Abstract
This biomechanical study was performed to test the primary segmental in vitro stabilising effect of a standard and large footprint radiolucent poly-ether-ether-ketone (PEEK) box cage versus a titanium box cage for anterior lumbar interbody fusion. Eighteen L2-L3 and sixteen L4-L5 cadaveric motion segments were divided into three groups and received a titanium cage or a radiolucent PEEK cage with standard or large footprint. All specimens were tested in three testing conditions: intact, stand-alone anterior cage and finally with supplemental translaminar screw fixation. Full range of motion and neutral zone measurements were determined and anterior cage pull out force was tested. The titanium design was significantly more effective in reducing the range of motion only in axial rotation. The larger footprint radiolucent cage did not increase stability as compared to the standard footprint. The titanium cage pull out force was significantly (P=0.0002) higher compared to both radiolucent cage constructs. Clinical relevance: Supplemental posterior fixation is strongly recommended to increase initial stability of any anterior interbody fusion cage construct. Although the biomechanical stability necessary to achieve spinal fusion is not defined, the radiolucent designs tested in this study, with a standard footprint as well as with a larger footprint, may be insufficiently stabilised with translaminar screws as compared to the titanium implant. Supplemental pedicle screw fixation may be required to obtain adequate stabilisation in the clinical setting.

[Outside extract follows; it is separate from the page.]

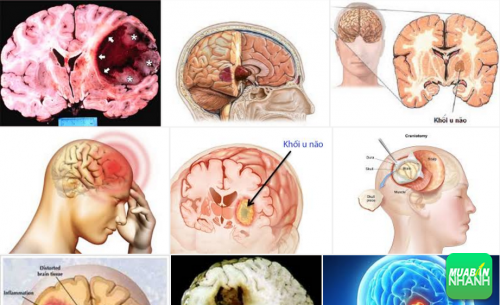 Phát hiện sớm ung thư não qua các biểu hiện, 37, Phương Thảo, Cẩm Nang Sức Khỏe, 21/09/2016 11:56:46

Keywords: Poly-ether-ether-ketone, Cage, Anterior lumbar interbody fusion, Biomechanical testing, Segmental stability
Introduction
Current methods to achieve anterior lumbar interbody fusion for degenerative disc disease include the use of cages [38]. Cages are spacers filled with bone graft, which maintain spinal alignment and segmental stability while facilitating bony fusion. Titanium cages have become popular [17, 18, 30], but two disadvantages are the unreliable radiological assessment of the fusion mass [22], and the stiffness of the cage construct leading to subsidence into the adjacent vertebrae. Assessment of lumbar spine fusion with instrumentation is difficult in either conventional radiography [1, 14] or computed tomography [11]. Shah [33] recently reported on the need for high-quality thin-slice computed tomography to evaluate interbody fusion through titanium cages. Cages made of radiolucent biomaterials [2, 3, 6] may facilitate fusion assessment in lumbar interbody fusion, although there may be persistent need of computed tomography [32].
Cage subsidence has been reported [15, 16, 21, 23, 38] and this may be related to cage design, density of underlying cancellous bone [27, 28] and surgical technique. The footprint size of a cage and the position related to the vertebral endplate surface are important [27], because the central area is the weakest part of the endplate [9, 12, 31]. From the study by Steffen [36] it is known that a wider implant, supported in the periphery of the endplate, is more effective in providing segmental stability, and also has a higher axial strength to resist implant subsidence compared to a narrower implant. Therefore, a titanium box cage with a large footprint was developed. Clinical experience has been good, but fusion assessment remains a problem [26, 35].
Furthermore, another problem of titanium cages may be the resultant stiffness of the spinal motion segment. Kanayama et al [13] studied the stress shielding effects by cage devices in an in vitro biomechanical study. The material of the cage itself may lead to stress shielding, migration and non-union. The effect of cage stiffness on fusion rate was studied in an in vivo investigation evaluating a poly-L-lactic acid cage versus a titanium cage of similar design [8, 34]. Increased interbody fusion was observed with the less stiff poly-L-lactic acid cages as compared with titanium cages after 6 months.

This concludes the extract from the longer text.